== Segment start ==

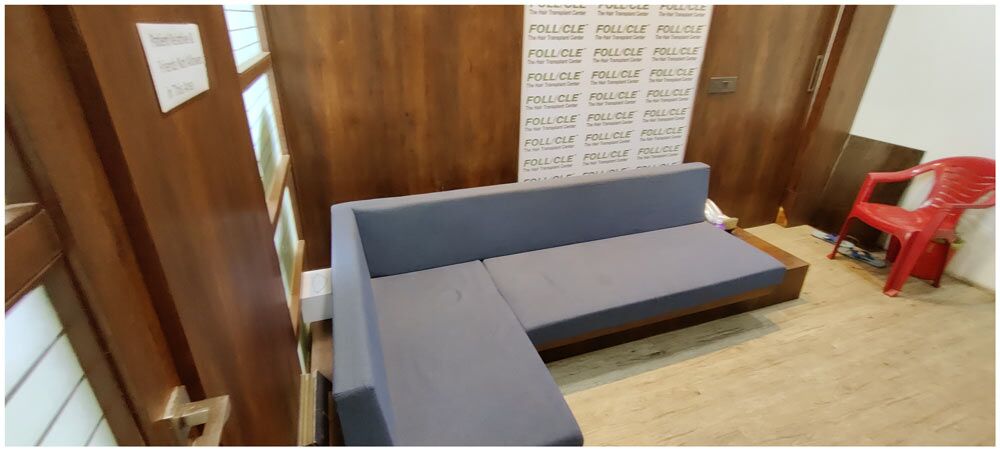 Hair Transplant Chair picture Mumbai image 8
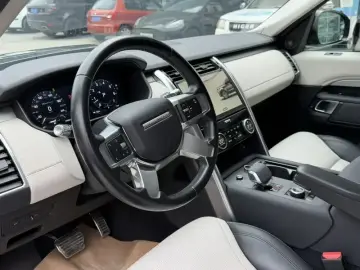2021 Land Rover Discovery с пробегом 99 200 км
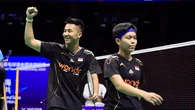 Dejan/Fadia ke Final Taipei Open 2025 Setelah Pulangkan Pasangan Jepang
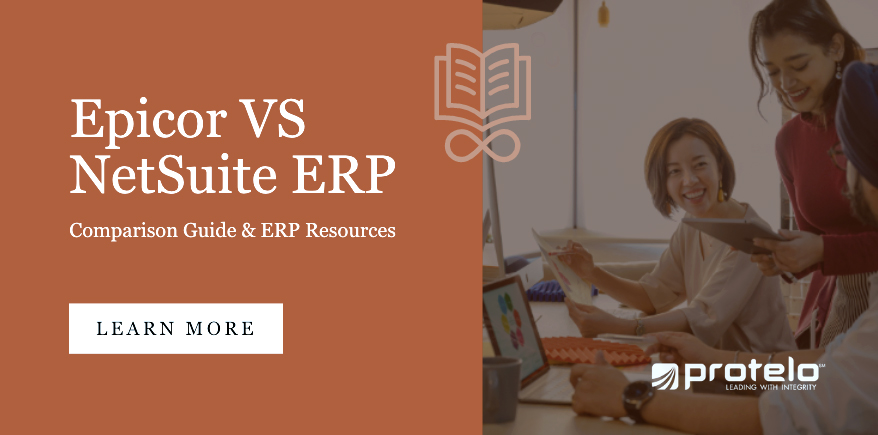 Epicor vs Oracle NetSuite ERP Comparison Guide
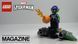 Конструктор с минифигуркой LEGO Marvel Spider-Man Venomised Green Goblin (682406), полибег 682406 фото 4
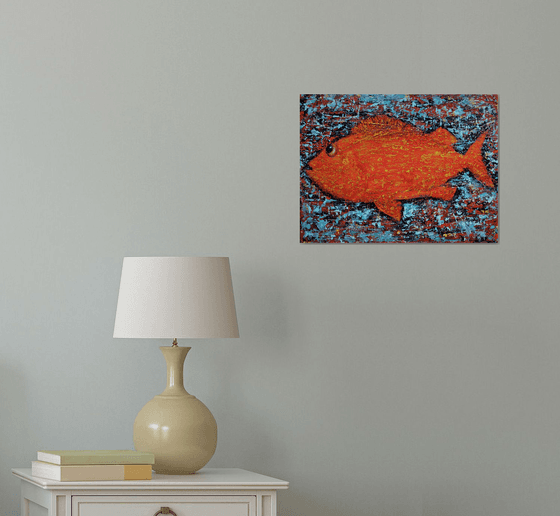 Red Fish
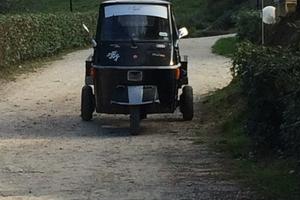 50 Piaggio - Elaborazione 130cc Polini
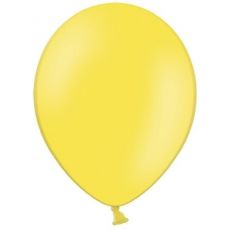 Balón žltý 12cm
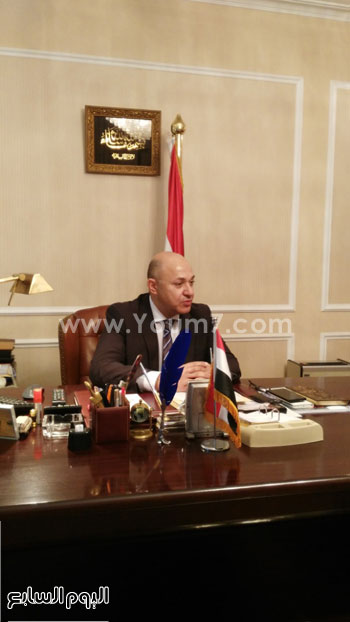   السفير يعلن عن مبادرة لتدريب المصريين  -اليوم السابع -5 -2015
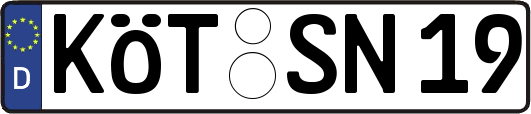 KÖT-SN19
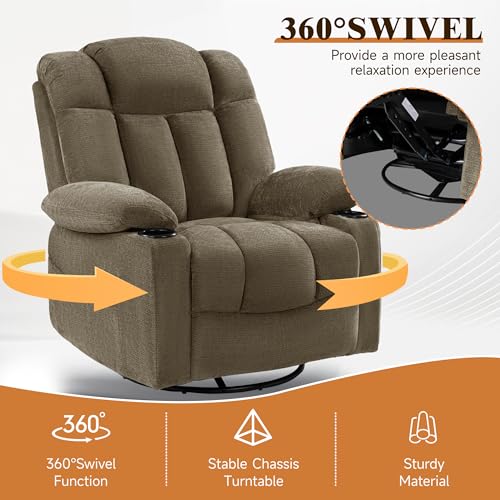 Luxury Recliner Massage Chair Zero Gravity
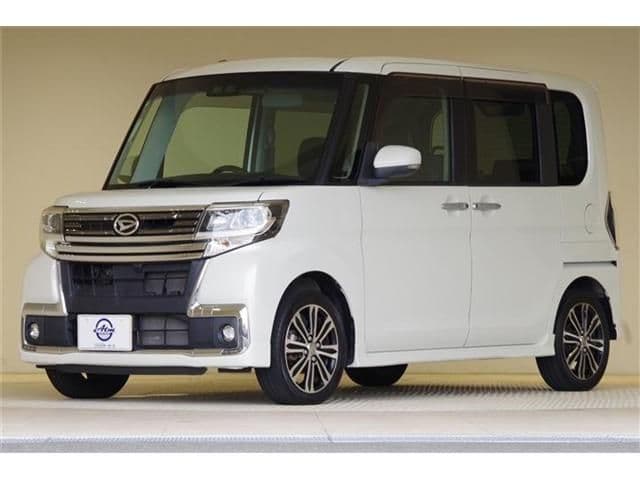 DAIHATSU TANTO CUSTOM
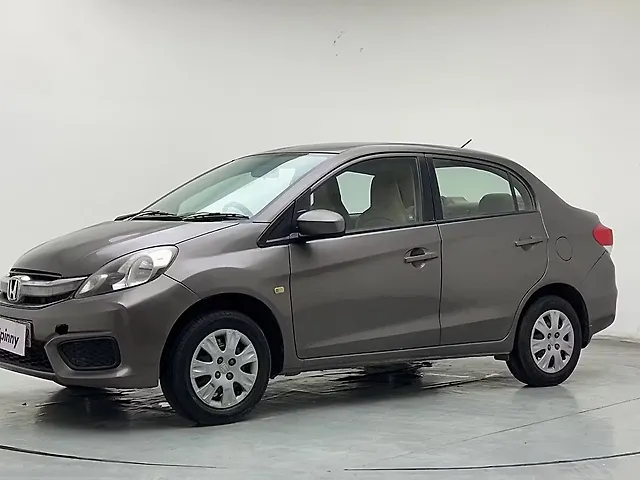 Used 2014 Honda Amaze in Faridabad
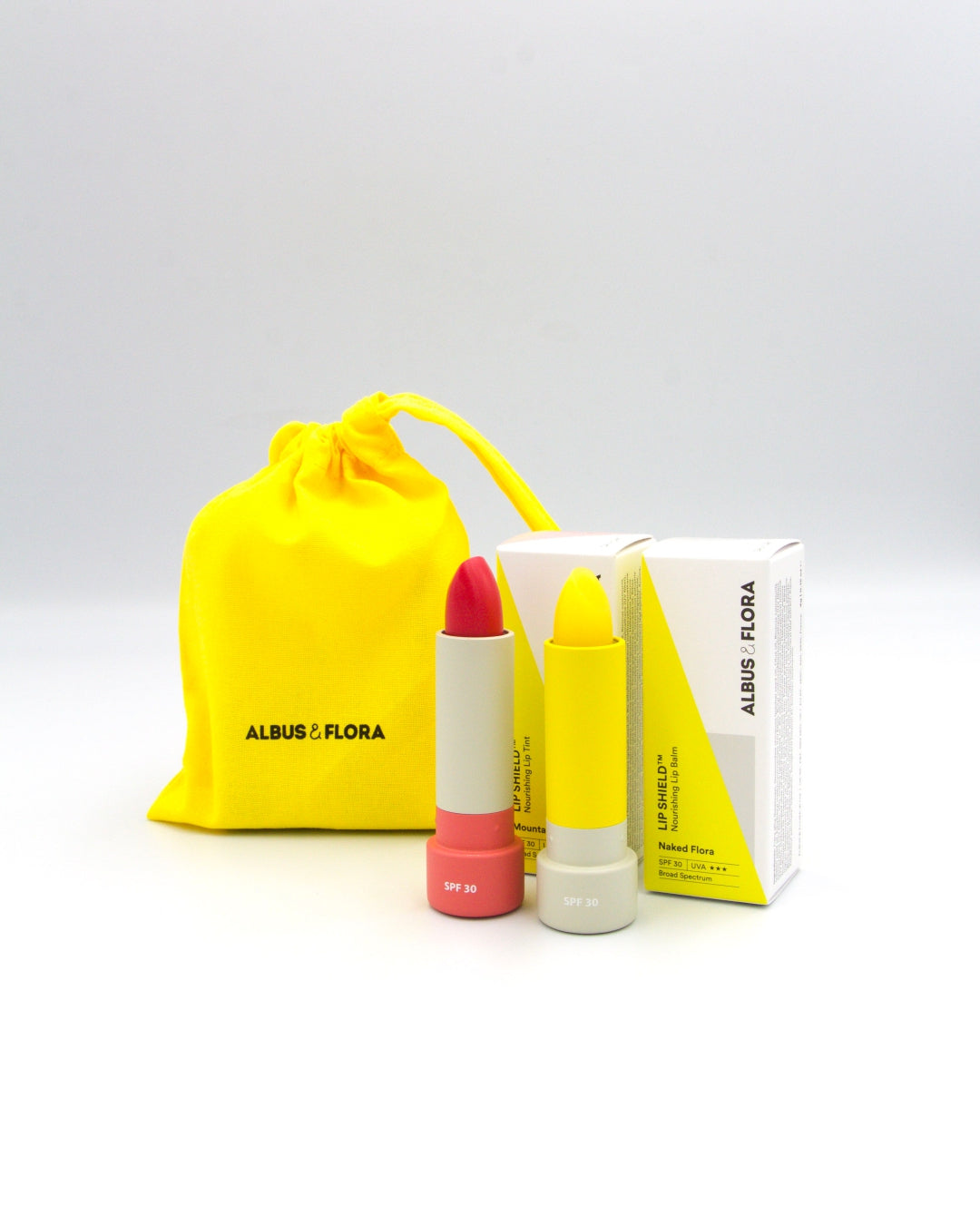 Lip Shield Duo Gift Set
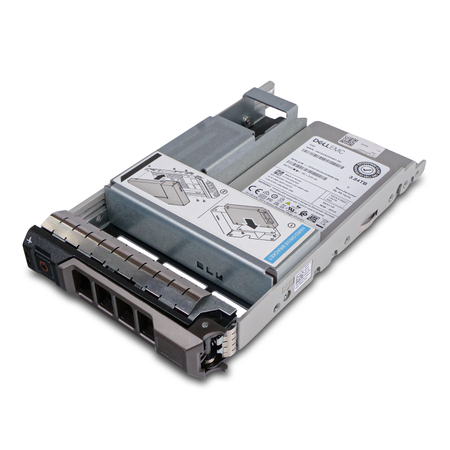 Dell G13 03GDK0 3.84TB 1 DWPD SATA 6Gb/s 3D TLC Hybrid 3.5in Read Intensive Refurbished SSD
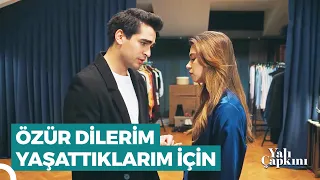 Aşk Hayatına Paravan Diye Evlenmişsin Benimle | Yalı Çapkını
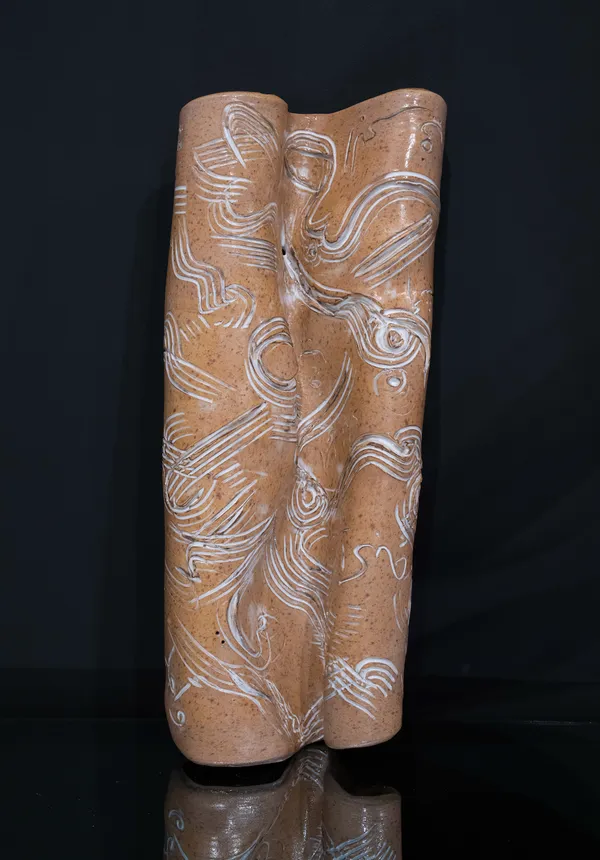 Nujoom Alghanem, Wave موجة, 2024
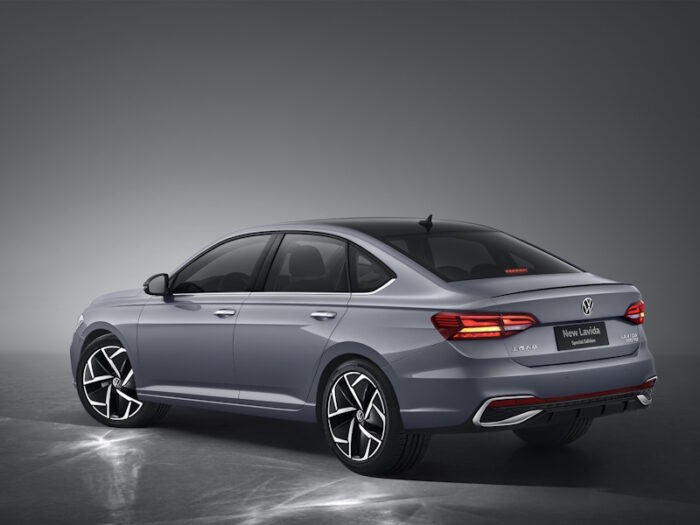 Volkswagen Lavida (2022) China - Image 2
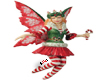 Candy Cane Fairy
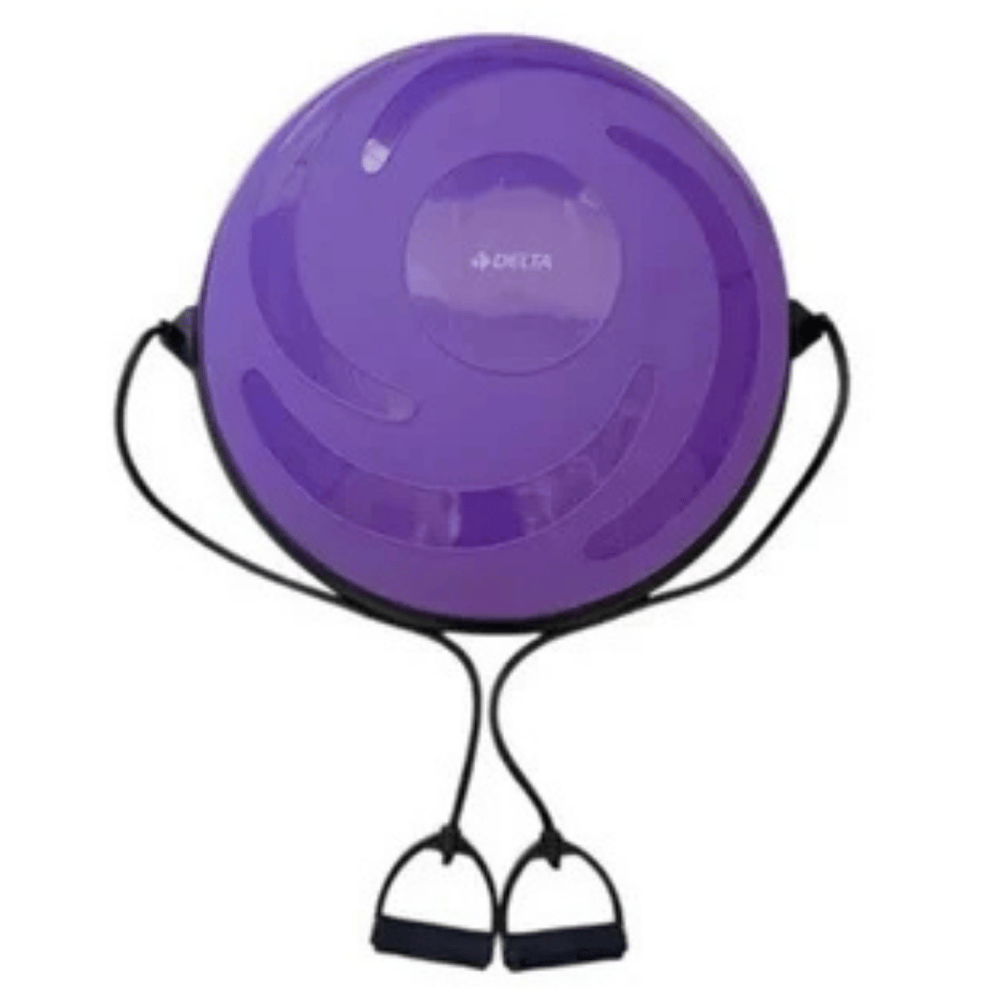 Delta Bosu Topu 58 Cm Mor NMP 556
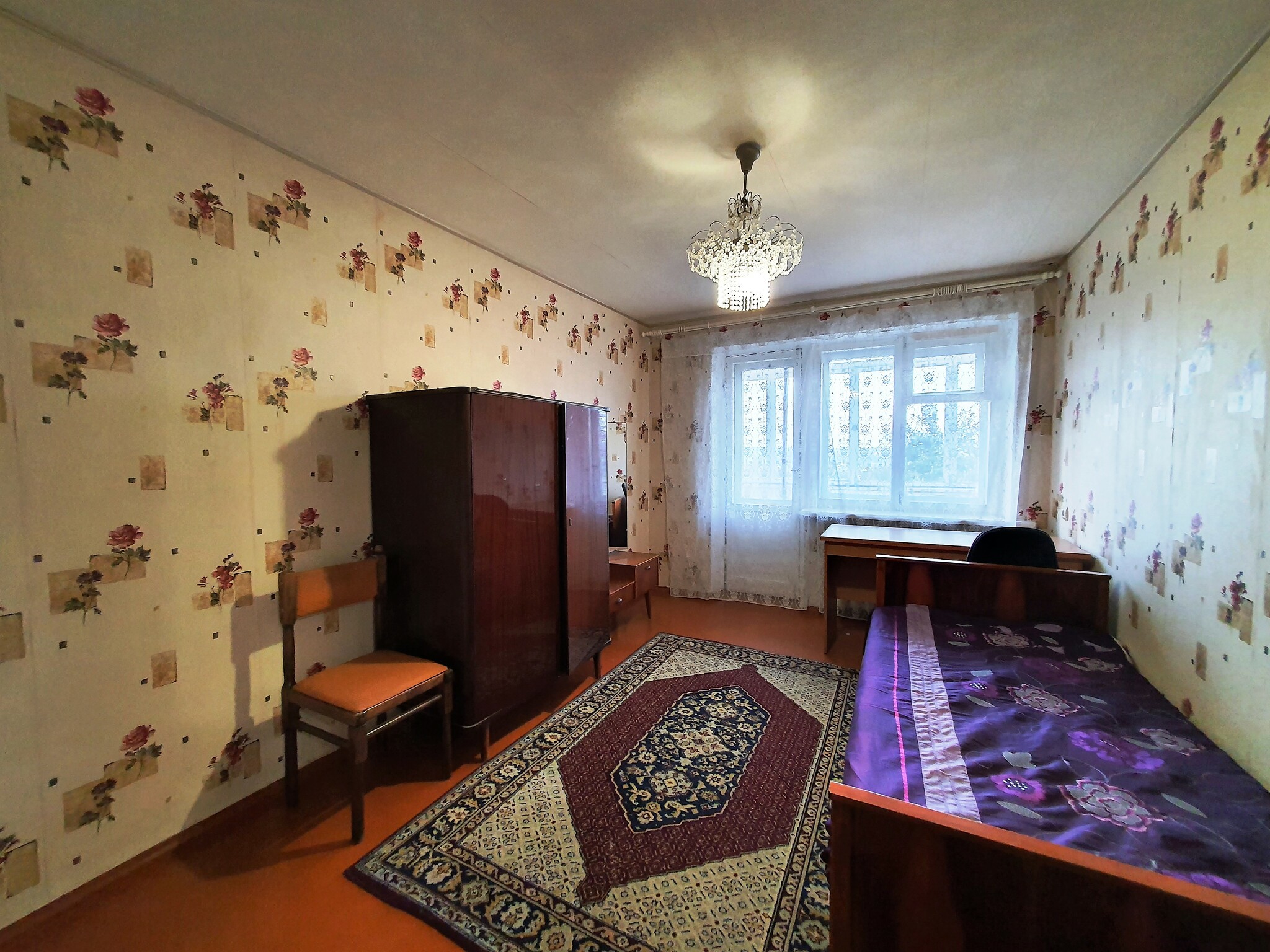 Аренда 2-комнатной квартиры 46 м², Кленовая ул., 1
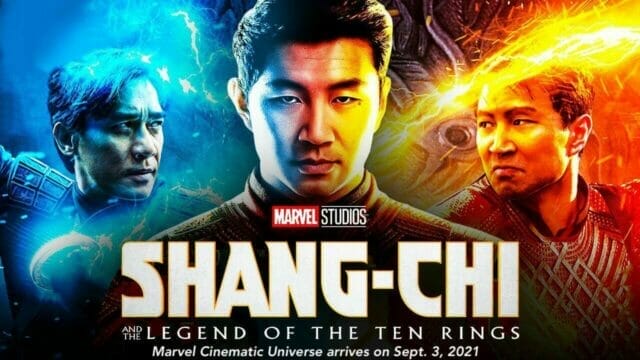Shang-Chi and the Legend of the Ten Rings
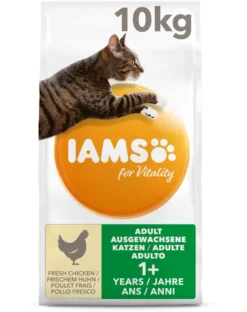 IAMS Cat Adult All Breeds Chicken 10kg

== Segment end ==

_WORK ORDER_: Copy verbatim the span that begins at the line containing "Balón žltý 12cm" and ends at the last line of the material, inclusive of both; exclude pictures.

_WRITTEN REPLY_:
 Balón žltý 12cm
   السفير يعلن عن مبادرة لتدريب المصريين  -اليوم السابع -5 -2015
 KÖT-SN19
 Luxury Recliner Massage Chair Zero Gravity
 DAIHATSU TANTO CUSTOM
 Used 2014 Honda Amaze in Faridabad
 Lip Shield Duo Gift Set
 Dell G13 03GDK0 3.84TB 1 DWPD SATA 6Gb/s 3D TLC Hybrid 3.5in Read Intensive Refurbished SSD
 Aşk Hayatına Paravan Diye Evlenmişsin Benimle | Yalı Çapkını
 Nujoom Alghanem, Wave موجة, 2024
 Volkswagen Lavida (2022) China - Image 2
 Candy Cane Fairy
 Delta Bosu Topu 58 Cm Mor NMP 556
 Аренда 2-комнатной квартиры 46 м², Кленовая ул., 1
Shang-Chi and the Legend of the Ten Rings
 IAMS Cat Adult All Breeds Chicken 10kg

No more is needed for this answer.